Niall Litchfield wrote,on my timestamp of 29/09/2006 8:17 PM:

<snip>

    What could be challenge in storing it on file system? Any major
    disadvantage that I should not consider it at all?

    Thanks

Are the BLOB's transactional in anyway, especially are they subject to change? If so then consistent recovery requirements might be overly complicated.


In our case, they were indeed transactional: the BLOB stored
a complex string containing search terms and derived URLs,
potentially in a number of different character sets.  These were
transformed and massaged by the application according to string
algorithms for search engine optimisation of advertising campaigns.

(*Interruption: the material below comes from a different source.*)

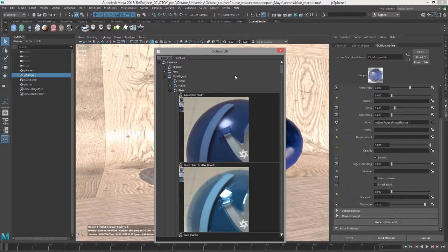So that's how you work with the Octane DB. It's a great way, as I mentioned before, to share materials between scenes and also with other Octane users.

Average length around 6000 bytes.  Which posed a serious space
problem: the db block size was 8K and a blob segment uses a
minimum of one block to store each instance of offline LOB.

In retrospect, the 8K block size was a bad choice for this.
But we only found out much later what the average blob size was:
system test failed to show any indication of this.

In the vicinity of 40GB X 3 of BLOB segments, total db size in
the 1.5TB class, non-partitioned, 9ir2, RHEL3, across two
servers - no RAC.  Not a pretty sight...


My personal preference for files is to store them on filesystems with a pointer to them in the DB (either a BFILE or else just a straight uri for them)

Agreed. The keyword here being: "files".

Other large app-specific strings might indeed need in-db
storage, with some inline while others end up in the lob segment.
Transactional issues being the major concern, IME.

What to me is critical at my current level of knowledge
of use of these features is choosing the appropriate block
size to store the LOB: too small and there may be excessive
random IO rate, too large and a lot of disk space may be
wasted.  Definitely ground for more research.